“Today the world commemorates St. Patrick’s Day by heavy drinking and imagining leprechauns. But St. Patrick (389-461), the great evangelist and hero known for Christianizing the nation of Ireland, deserves better remembrance. After being enslaved and taken from his home in Britain by roaming Irish, God called Patrick to become a bishop and to eventually call the land where he had been a captive to repentance.

Ireland at that time was religiously controlled by the pagan Druids, who sacrificed newborns during the Fall Harvest, to please their bloodthirsty idols (Ezekiel 16:20-21). According to tradition, the Druids and king assembled for an occult festival celebrating the Spring Solstice, at which no other fires were allowed to burn but their own. St. Patrick and a few other Christians ascended a hill (like Elijah before the prophets of Baal in 1 Kings 18:22) and defied the law by building a massive bonfire that all could see.

Patrick was brought before the king where he professed the blood of Christ as the sacrifice for all time and condemned the Druid sacrifices. The queen and many in the court were converted and Patrick baptized thousands. Patrick’s brave testimony effectively ended human sacrifice and slavery in Ireland. Even today, abortion — child sacrifice to the idol of convenience — remains illegal on the Emerald Isle.**

He wrote, “daily I expect to be murdered… But I fear nothing, because of the promises of Heaven.”

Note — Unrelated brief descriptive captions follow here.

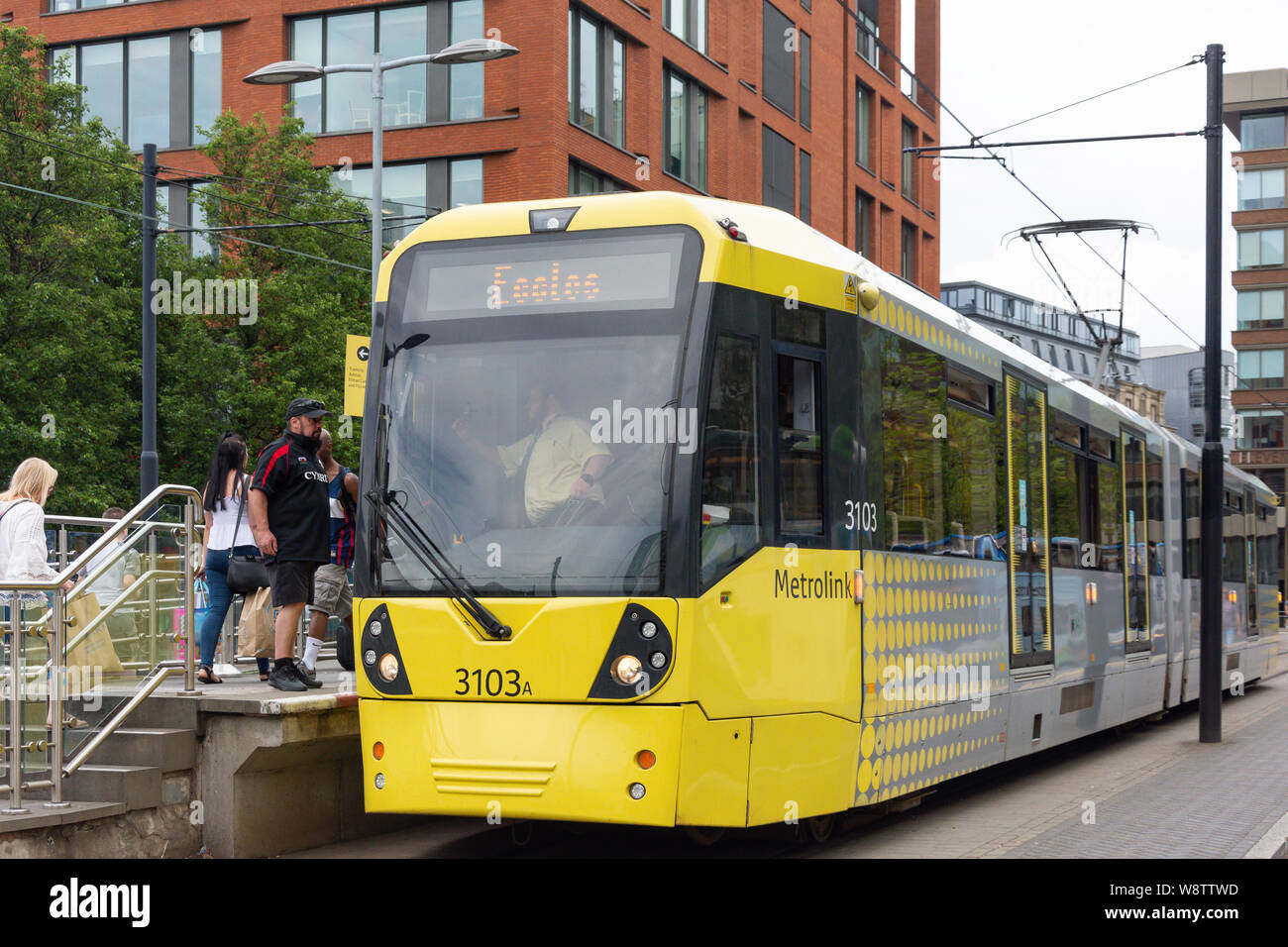 Metrolink U-Bahn am Bahnhof Piccadilly, Manchester, Greater Manchester, England, Vereinigtes Königreich Stockfoto
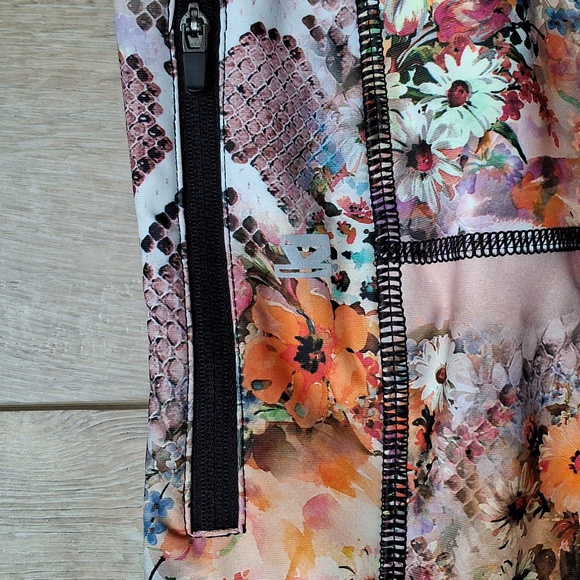 NWT KI Pro Performance Floral Workout Cropped Leggings Size S - Picture 4 of 6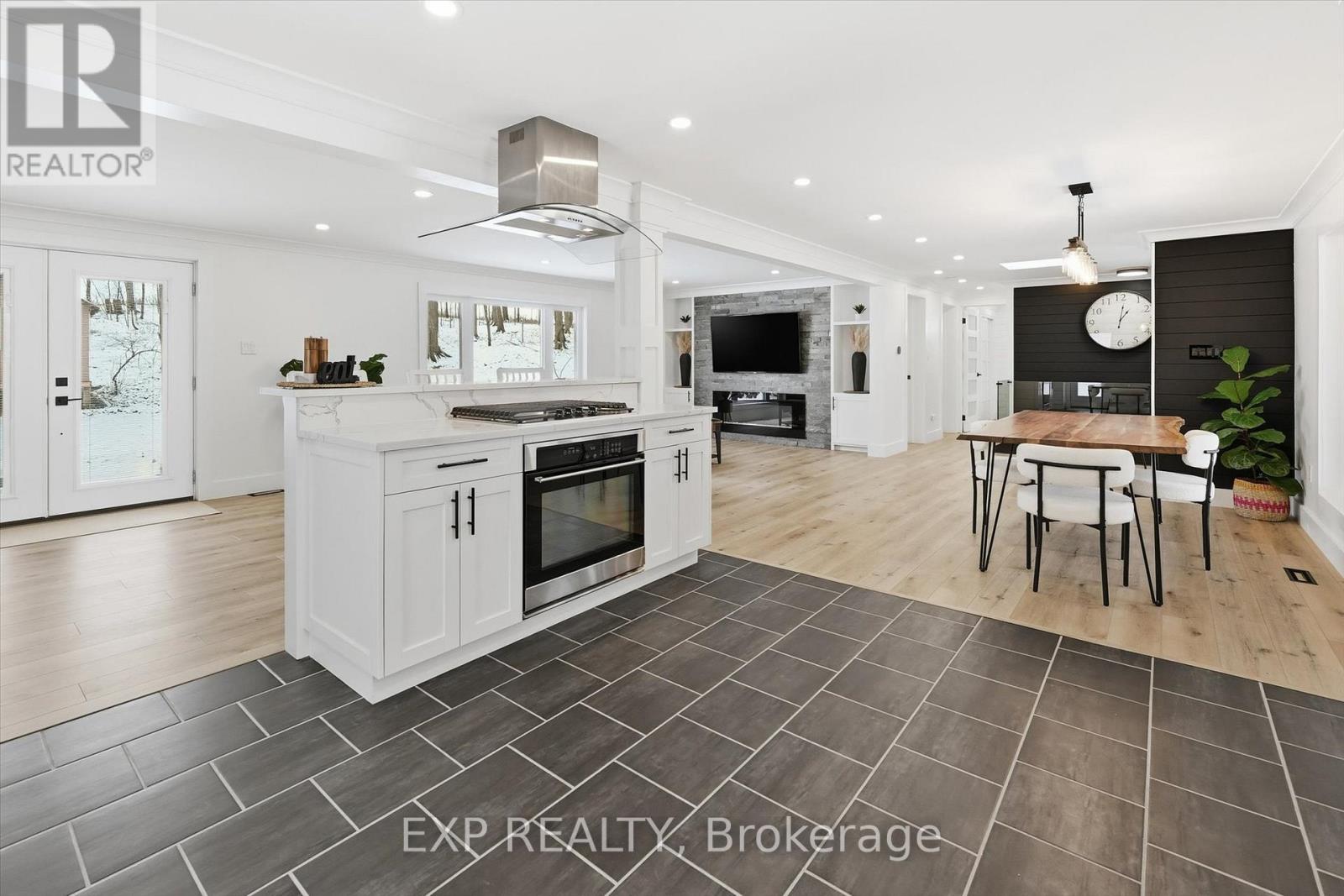 220 5th Line, Haldimand, Ontario  N3W 2A5 - Photo 5 - X12719514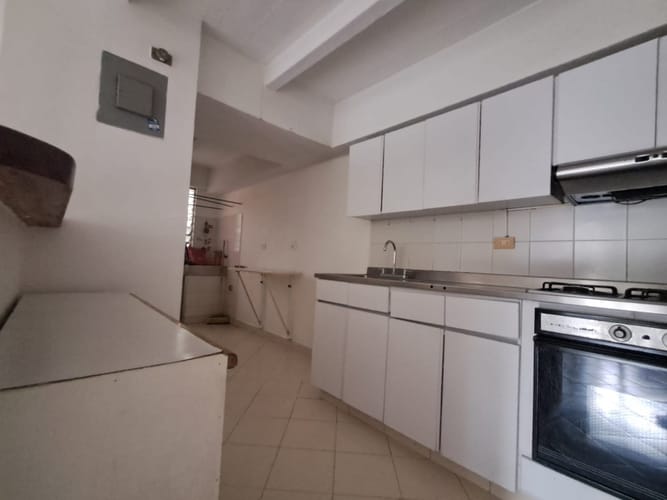 Apartamento de 4 alcobas en venta en Loma De Los Bernal, Medellín, 92 m² · foto 7 de 24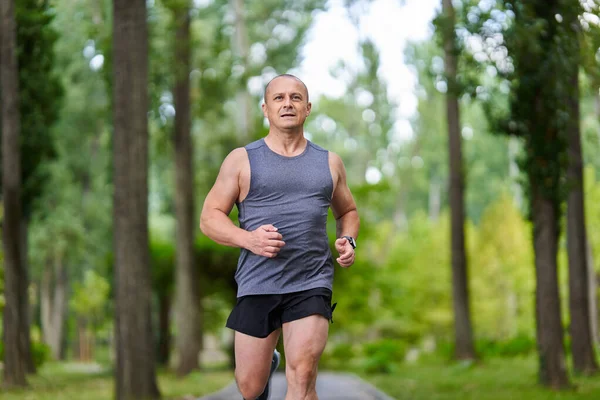 Sportman Marathonloper Training Steegjes Van Het Park — Stockfoto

His desire was that Christ be remembered, “in the heart of every man who thinks of me; Christ in the mouth of every man who speaks of me, Christ in the eye that sees me, Christ in the ear that hears me.” With the same courage that Patrick drew upon to confront the evil of his time, let us rise to confront the evils of ours with the Word of our testimony and the blood of Lamb, so that Christ’s name is proclaimed over all (Revelation 12:11). Happy Saint Patrick’s Day!”